I am trying to build a custom UIPickerView
replacement class mainly for learning purposes but with a view to implementing this within an application I am developing. I have put a lot of time and effort into the UI of my application and now the default UIPickerView
just doesn't fit right.
I saw this Dribble mock up of a really slick looking date/time picker but realise that theres not a chance in hell that UIPickerView
can be customised this heavily without some major hacking.

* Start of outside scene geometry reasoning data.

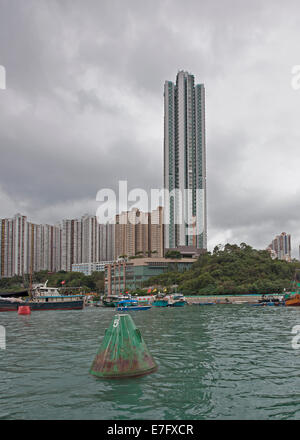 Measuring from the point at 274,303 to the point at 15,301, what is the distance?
47.5 m

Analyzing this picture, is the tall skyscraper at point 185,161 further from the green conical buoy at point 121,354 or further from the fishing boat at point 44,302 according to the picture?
the green conical buoy at point 121,354

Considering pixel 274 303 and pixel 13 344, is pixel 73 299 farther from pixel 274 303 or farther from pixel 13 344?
pixel 13 344

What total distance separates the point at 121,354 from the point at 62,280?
12041 cm

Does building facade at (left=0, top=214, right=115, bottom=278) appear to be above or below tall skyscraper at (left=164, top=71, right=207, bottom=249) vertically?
below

After a whole lot of reading and investigation, I have found that UIPickerView
uses UITableView
s for it's components rather than a plain UIScrollView
as I had first assumed. This is confusing for two reasons:
Customising UITableViewCell
s is a major pain in the derriere. It's not that it's hard work, just laborious and rarely yields the required result. Somehow UIPickerView
manages to pull this off though with very little overhead. I would assume that each row in a component just uses UITableViewCellStyleDefault
with a custom view for it's contentView
but you know what they say about assumptions.

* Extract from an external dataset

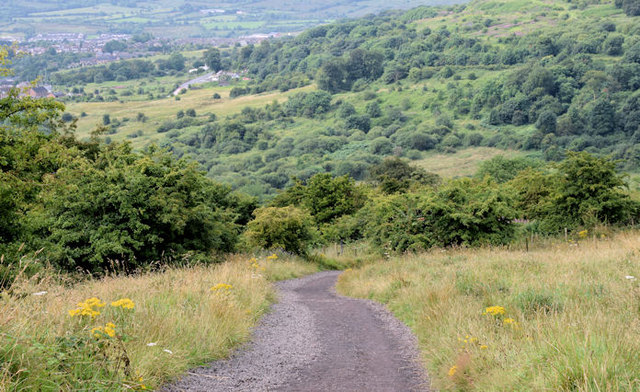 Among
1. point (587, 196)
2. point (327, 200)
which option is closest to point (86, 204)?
point (587, 196)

The second thing that is throwing me off is that UIPickerView
conforms to the UITableViewDataSource
protocol, but not the UITableViewDelegate
protocol. This seems a little odd as the delegate is responsible for providing the correct height via – tableView:heightForRowAtIndexPath:
UIPickerView
however does allow you to set the size of a component via – pickerView:rowHeightForComponent:
In line with this, it also seems a strange choice to utilise a table view as natively these do not "snap" to a specified row the way a scroll view would with pagingEnabled
.
Can anyone offer up an explanation of why the default UIPickerView
doesn't conform to the aforementioned delegate? Would it be easier for me to implement my custom picker with a UIScrollView
instead or should the UITableView
provide the functionality required?
UIPickerView
actually conforms to UITableViewDelegate
protocol but just does not expose that in public headers. You can check that yourself using class_copyProtocolList
function.
Using UITableView internally makes it much easier to implement pickers with large amount of rows as UITableView provides great support for reusing cells, otherwise Apple would need to reimplement that logic once again for picker - that would not make much sense (sorry I don't see any big problems in customizing UITableViewCell for this case, so it is hard to comment on that)
As UITableView is UIScrollView subclass you can make it "snap" to a specific position, check scrollViewWillEndDragging:withVelocity:targetContentOffset:
method in UIScrollViewDelegate
protocol that can be used for exactly that purpose.